Imatest is happy to introduce customer profiles! Each month, we will interview one of our Imatest users to share why they use the software and create a sense of community among our users. Interested in being featured? Reach out to mia@imatest.com.

 

The first customer profile is Dr. Brian Deegan. Based in Ireland, Brian is a long-time user who has utilized the Imatest software across multiple disciplines. Read more about our interview with Brian:

 

Mia: How long have you been using Imatest?

Brian: It must be ten years now at this stage. I started at Valeo in 2011 and have used it throughout my entire career there. I started in university this year and I’m still using it.

Mia: Awesome. And you’re still using it now that you’re at the university?

Brian: Yeah, not as much and not as much directly, but one of the PhD students here is using it as part of this project.
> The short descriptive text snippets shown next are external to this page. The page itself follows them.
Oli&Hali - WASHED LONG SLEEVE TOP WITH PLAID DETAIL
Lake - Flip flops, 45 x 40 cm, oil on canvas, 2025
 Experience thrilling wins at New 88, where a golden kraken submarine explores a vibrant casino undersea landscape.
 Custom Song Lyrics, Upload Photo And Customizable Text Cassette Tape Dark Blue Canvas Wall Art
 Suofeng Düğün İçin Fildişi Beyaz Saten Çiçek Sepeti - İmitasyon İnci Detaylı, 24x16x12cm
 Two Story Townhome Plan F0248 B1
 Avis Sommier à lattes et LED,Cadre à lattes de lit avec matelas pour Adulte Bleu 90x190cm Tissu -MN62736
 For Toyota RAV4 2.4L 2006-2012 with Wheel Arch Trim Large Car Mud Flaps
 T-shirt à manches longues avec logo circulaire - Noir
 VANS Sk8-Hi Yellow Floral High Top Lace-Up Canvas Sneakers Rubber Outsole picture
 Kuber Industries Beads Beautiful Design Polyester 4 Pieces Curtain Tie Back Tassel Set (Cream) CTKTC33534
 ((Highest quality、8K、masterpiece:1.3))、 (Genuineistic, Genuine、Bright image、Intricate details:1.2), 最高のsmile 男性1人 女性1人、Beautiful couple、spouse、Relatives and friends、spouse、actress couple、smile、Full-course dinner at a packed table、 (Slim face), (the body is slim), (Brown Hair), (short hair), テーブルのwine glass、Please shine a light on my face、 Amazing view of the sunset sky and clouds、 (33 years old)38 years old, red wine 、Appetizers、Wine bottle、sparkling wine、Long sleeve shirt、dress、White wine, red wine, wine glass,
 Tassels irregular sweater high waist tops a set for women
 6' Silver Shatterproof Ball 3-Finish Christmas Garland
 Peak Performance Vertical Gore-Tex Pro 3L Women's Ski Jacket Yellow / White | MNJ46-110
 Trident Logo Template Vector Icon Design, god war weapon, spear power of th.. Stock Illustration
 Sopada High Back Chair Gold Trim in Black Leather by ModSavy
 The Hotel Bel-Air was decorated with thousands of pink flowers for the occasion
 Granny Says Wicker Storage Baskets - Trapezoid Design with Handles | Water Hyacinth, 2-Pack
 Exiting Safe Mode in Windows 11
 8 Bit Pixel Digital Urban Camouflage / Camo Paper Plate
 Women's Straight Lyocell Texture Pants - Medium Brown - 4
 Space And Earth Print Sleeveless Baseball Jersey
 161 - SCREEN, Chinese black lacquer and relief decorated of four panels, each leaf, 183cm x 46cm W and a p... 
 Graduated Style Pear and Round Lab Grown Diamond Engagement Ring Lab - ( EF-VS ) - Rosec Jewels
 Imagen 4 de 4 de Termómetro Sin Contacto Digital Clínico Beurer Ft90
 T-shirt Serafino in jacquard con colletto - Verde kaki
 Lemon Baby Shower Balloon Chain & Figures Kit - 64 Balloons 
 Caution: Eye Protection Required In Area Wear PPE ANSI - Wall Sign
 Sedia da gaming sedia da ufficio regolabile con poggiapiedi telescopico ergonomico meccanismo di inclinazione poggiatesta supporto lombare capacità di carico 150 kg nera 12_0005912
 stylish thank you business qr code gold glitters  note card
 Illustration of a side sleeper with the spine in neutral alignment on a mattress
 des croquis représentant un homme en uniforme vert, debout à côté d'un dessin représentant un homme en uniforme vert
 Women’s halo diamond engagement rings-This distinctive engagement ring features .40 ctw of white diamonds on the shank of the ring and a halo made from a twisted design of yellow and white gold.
Mia: That’s very cool. Segueing into the next question, what do you do for work?

Brian: I used to work for Valeo vision systems and that’s how Norman [Koren], Henry [Koren], and the team would know me. I was working in automotive image quality, so everything from simple backup cameras to surround view cameras, mirror replacement cameras, cameras for autonomous driving; everything to do with that. In my career I was primarily responsible for, I suppose, image quality, assessment tuning and optimization. So, everything from measuring the sharpness and noise performance of the cameras to trying to get the best image quality for reviewing, machine vision, and performance; that kind of thing.

Mia: What feature in the software do you find yourself using the most or kind of what’s been your favorite feature, if that’s the avenue you want to take it in?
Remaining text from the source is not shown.